The company regularly conducted security audits, but the attackers found the vulnerability earlier.
Leading Bitcoin ATM maker General Bytes said that hackers managed to steal cryptocurrency from the company and its customers using a zero-day vulnerability in the BATM management platform.
General Bytes makes bitcoin ATMs that allow people to buy or sell over 40 virtual crypto coins. The company's corporate customers can deploy their ATMs using standalone management servers or the General Bytes cloud service.
The company said over the weekend that hackers exploited a zero-day vulnerability tracked as BATM-4780 to remotely download a malicious Java application through the ATM's main service interface.
“The attacker scanned the Digital Ocean cloud hosting IP space and found running CAS services on ports 7741, including the General Bytes cloud service,” General Bytes explained.
The company issued an emergency statement on Twitter to urge customers to "take immediate action" and install the latest updates to protect their servers and funds from cybercriminals.
As reported by the company itself, after downloading a malicious Java application, attackers were able to perform the following actions on compromised devices:
the ability to access the company's database;
the ability to read and decrypt API keys used to access funds in crypto wallets and exchanges;
transfer of funds from crypto wallets;
downloading usernames, their password hashes and disabling 2FA;
the ability to access terminal event logs and search for cases where customers scanned private keys at an ATM.

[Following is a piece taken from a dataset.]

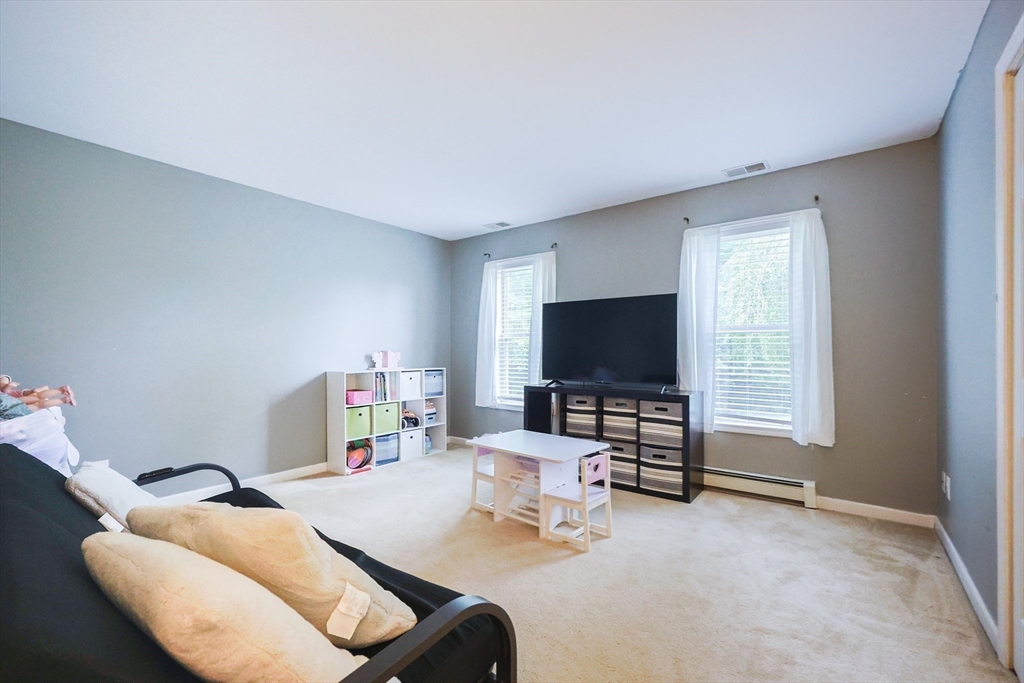 48 Wareham Street Carver, MA 02330 - Photo 24 of 42 a living room with furniture and a flat screen tv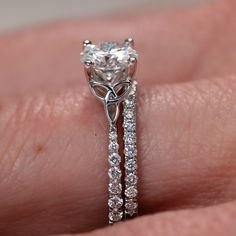 a close up of a person's hand with a diamond ring on their finger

“The General Bytes cloud service was hacked in the same way as the standalone servers of other operators,” the company said in a statement.
General Bytes also provided a long list of cryptocurrency addresses used by the hackers during the attack. According to the company, cyberthugs began stealing cryptocurrencies from bitcoin ATM servers on March 17, with the hackers' bitcoin address receiving 56.28570959 BTC worth about $1,589,000 and 21.79436191 Ethereum worth about $39,000.
Although the attackers Bitcoin wallet still contains the stolen cryptocurrency, it seems that the cybercriminals used Uniswap to convert the stolen Ethereum into USDT.
General Bytes recommended CAS (Crypto Application Server) administrators to check log files for any suspicious activity, and users to change passwords from their crypto wallets without fail.
The company said it is shutting down its cloud service because it finds it "theoretically and practically impossible" to protect it from attackers. In the near future, the company will transfer the entire infrastructure to another cloud provider.
General Bytes has also released two CAS security patches that fix the vulnerability exploited by the hackers. It is quite interesting that since 2021, the hacked system has been subjected to multiple security checks, but none of them have revealed a vulnerability due to which the attackers hit the jackpot.
The company says it plans to conduct numerous security audits of its products with the help of several third-party cybersecurity companies in the near future. So General Bytes is going to find and fix other potential vulnerabilities before they are discovered and exploited by hackers.